I know reflection  isn't a great idea, and internal clients should access internal resources via their internal addresses (so I could do a host override on local DNS forwarder) but NAT reflection is a feature on offer and should therefore work.

Any suggestions?

And 3 days with no reply indicates the lack of user base there is here.

Not to happy to say I'll be moving back to pfSense. But it was good to me for 6 years and probably shouldn't have fallen for the OPNSense charm anyway. At least basic things work as expected and you get responses on their forum within 3 days.

Maybe the amount of details in your original question wasn't sufficient for others to point you in the right direction (details often help), you never know.

Just ask yourself, how many people have you helped in the past 6 months that you where around on our forum? Community thrives by people willing to step up, help others by replying to forum posts (as many people do around here), write code,  submit documentation, etc, etc.

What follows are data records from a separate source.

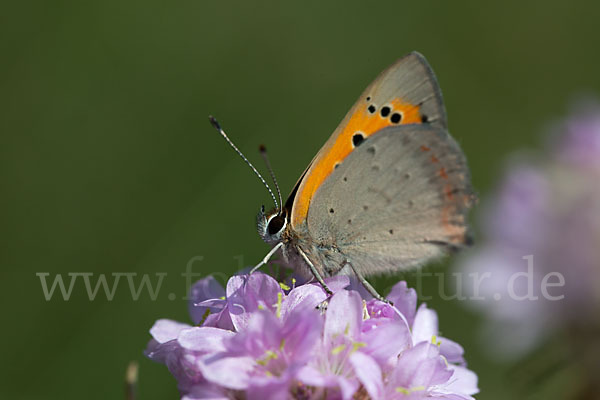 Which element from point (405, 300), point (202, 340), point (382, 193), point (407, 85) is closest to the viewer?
point (202, 340)

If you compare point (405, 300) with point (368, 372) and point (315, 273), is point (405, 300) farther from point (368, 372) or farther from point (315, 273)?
point (368, 372)

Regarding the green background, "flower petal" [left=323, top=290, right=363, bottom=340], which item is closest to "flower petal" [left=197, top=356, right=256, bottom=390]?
"flower petal" [left=323, top=290, right=363, bottom=340]

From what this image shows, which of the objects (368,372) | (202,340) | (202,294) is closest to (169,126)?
(202,294)

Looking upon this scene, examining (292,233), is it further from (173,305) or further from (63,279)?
(63,279)

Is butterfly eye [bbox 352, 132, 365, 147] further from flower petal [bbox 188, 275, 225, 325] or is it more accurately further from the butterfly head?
flower petal [bbox 188, 275, 225, 325]

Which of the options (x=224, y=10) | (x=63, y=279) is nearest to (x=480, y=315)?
(x=63, y=279)

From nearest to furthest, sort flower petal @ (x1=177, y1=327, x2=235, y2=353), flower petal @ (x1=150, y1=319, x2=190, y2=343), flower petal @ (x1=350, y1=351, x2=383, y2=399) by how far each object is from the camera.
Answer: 1. flower petal @ (x1=350, y1=351, x2=383, y2=399)
2. flower petal @ (x1=177, y1=327, x2=235, y2=353)
3. flower petal @ (x1=150, y1=319, x2=190, y2=343)

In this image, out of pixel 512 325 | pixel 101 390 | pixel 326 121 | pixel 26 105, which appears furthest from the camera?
pixel 326 121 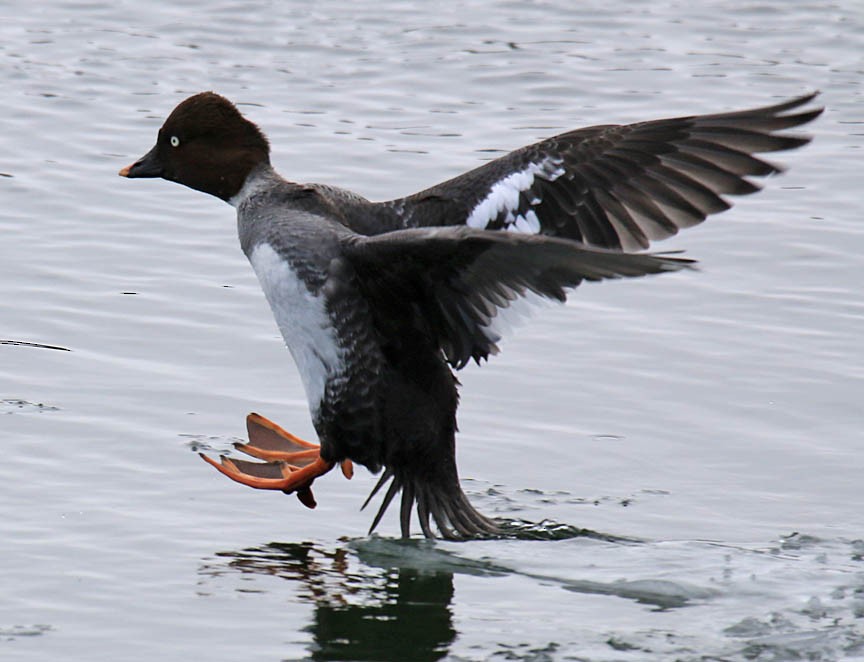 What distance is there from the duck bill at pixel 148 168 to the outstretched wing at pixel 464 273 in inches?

Feel free to come back any time you like,

Best regards,

Ad

Quote from: AdSchellevis on January 23, 2020, 08:47:24 AM
Maybe the amount of details in your original question wasn't sufficient for others to point you in the right direction (details often help), you never know.

Just ask yourself, how many people have you helped in the past 6 months that you where around on our forum? Community thrives by people willing to step up, help others by replying to forum posts (as many people do around here), write code,  submit documentation, etc, etc.

Feel free to come back any time you like,

Best regards,

Ad

I think the details in my original post were perfectly sufficient that anyone with input or rather, others with similar installs that might try to replicate the behaviour could do so.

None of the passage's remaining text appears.